Indistinguishable , this is for you, but I’m going to use jackelope’s post to work off of:
I honestly didn’t understand your earlier posts, but it seems to me that after the first flip, either team 1 or team 2 is eliminated. After that, Team 3 has a 50% chance of winning. So this method is as fair as Joey P’s idea; only more complicated.
You are correct in saying that either Team 1 or Team 2 are eliminated after the first flip. However, you are incorrect in saying that Team 3 afterwards has a 50% chance of winning. After the first flip, Team 3’s chances of winning are precisely half those of his uneliminated competitor’s. (This is because the first matching pair is twice as likely to be the same as the first coin as it is to be different from the first coin. To see this, let’s assume, without loss of generality, that the first coin came up H. Then, in every following pair of flips, either alternation is maintained (TH), in which case, we have to look at the next pair of flips to see who wins, or alternation is broken on the first of the pair (HH or HT), in which case Team 3 loses, or alternation is broken on the second of the pair (TT), in which case Team 3 wins. One way for Team 3 to win vs. two equally likely ways for Team 3 to lose.)

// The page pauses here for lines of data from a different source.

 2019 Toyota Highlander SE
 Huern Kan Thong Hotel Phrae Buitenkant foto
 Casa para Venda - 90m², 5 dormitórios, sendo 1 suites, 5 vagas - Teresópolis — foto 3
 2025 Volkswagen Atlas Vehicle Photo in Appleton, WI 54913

Not exactly. Had the Raiders won the toss, there would have been a second toss between the Falcons and Chiefs. Cite. That’s because only Oakland’s and Kansas City’s records could be compared for the purpose of establishing draft order.

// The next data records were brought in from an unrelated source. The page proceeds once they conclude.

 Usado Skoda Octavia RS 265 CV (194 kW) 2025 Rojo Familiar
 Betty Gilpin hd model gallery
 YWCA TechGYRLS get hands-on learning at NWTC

OK. I was focusing too much on the HTHTHTHT scenario. Now that I go through it step-by-step, I see that if we assume that the first flip is T, then Team 1 is out. Now there is a 50% chance that Team 2 wins outright, and a 50% chance that the game continues on equal ground.
To use tennis terms, it’s as though Team 2 goes into the second flip with Advantage Team 2.
Whether or not this system gives each team an equal chance of winning, I don’t know. But I am officially conceding that my logic in my previous post was flawed.
I think the 8/3 is optimal; here’s my sketchy reasoning:
A three-way coin-tossing scenario is a tripartition of a complete prefix code in {H,T}[sup]*[/sup]. (That is, we toss the coin until we find one of the strings in the code; its completeness guarantees that this will always happen eventually, and the prefixness guarantees that this will always be an unambiguous identification.) For it to be fair, each of the three sets in the partition must have equal probability 1/3.
Now a greedy approach immediately gives the OP’s algorithm: Since one of these sets has total probability 1/3, it can’t have any length-1 strings, and it can have at most one length-2 string. If we assign one such string, say HH, to the set, we are left with 1/12 to account for. So we can’t have any length-3 strings, and we can have at most one length-4 string–say TTHH; and so on.
Must this be optimal? Well, what else can we do? Rather than include HH, we can wait and include, say, some length-3 strings instead; but for the same reason that we couldn’t add any length-3 strings after adding HH, we can only include 2 of them. This can’t possibly help with the expected number of tosses. More generally, we can’t ever accumulate more probability at length<n than we can with the greedy approach, because all strings have probabilities which exactly divide the probabilities of shorter strings; so by not being greedy, all we can do (I think) is increase the expected number of tosses. (This is all conditioned on one particular winner, but since the three sets are symmetric, the unconditioned expected number of tosses is the same.)
That’s right; there’s not actually any loss of information in “discarding TT” since the TT string has no information.